We have teams of people committed to bringing these products to market quickly,” said White. “It’s an area that we are investing in sizably and we will be in-market this calendar year — and maybe sooner than you think.”

Such developments have reportedly resulted in rumors that Beyond Meat may have requested that Tyson sell its stake, as it did not want members from Tyson Ventures present any longer at its Board meetings, and fear grew that Tyson would interfere with potential M&As.

Beyond IPO

Although Beyond Meat has been private since its launch in 2009 due in large part to the $122 million in funding it raised from some of the sector’s most prominent investors over the course of its life, Beyond Meat made its intentions for an IPO first known in November of last year. At the time, the company stated in filings with the SEC that it was targeting to raise $100 millionwhich would be used to offer its early investors an exit opportunity while also funding its expansion plans.

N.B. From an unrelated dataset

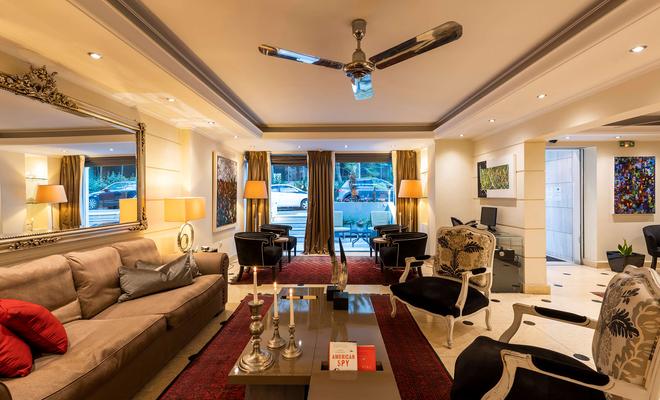 Best Western Plus Embassy Hotel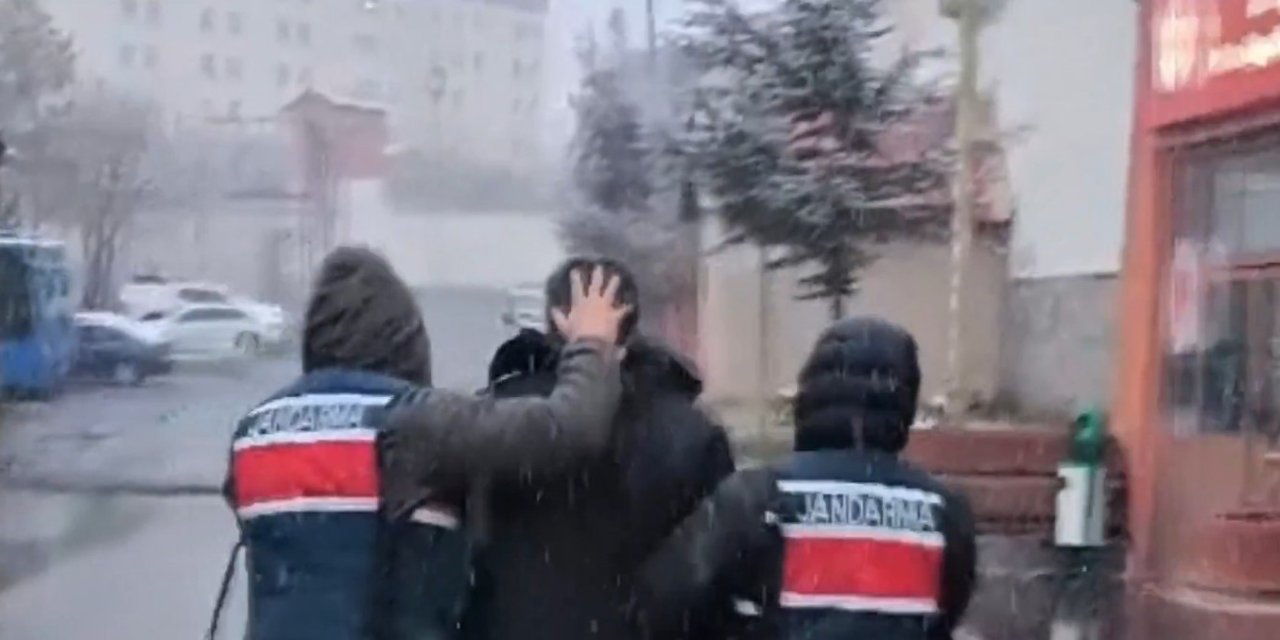 Yüksekova'da 2 firari hükümlü yakalandı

Five months later, and the company has now increased its targeted goal to $183.8 million, with a common stock price of between $19 and $21 per share, giving the company a market value of $1.21 billion.

With projections that the U.S. plant-based meat alternative market could reach a value of $35 billion, and Beyond Meat’s IPO valuation placing Tyson’s stake value at just about $79 billion, Tyson has nonetheless decided to divest before the IPO commences, possibly driven by the fact that Beyond Meat has yet to be profitable, losing $29.9 million last year.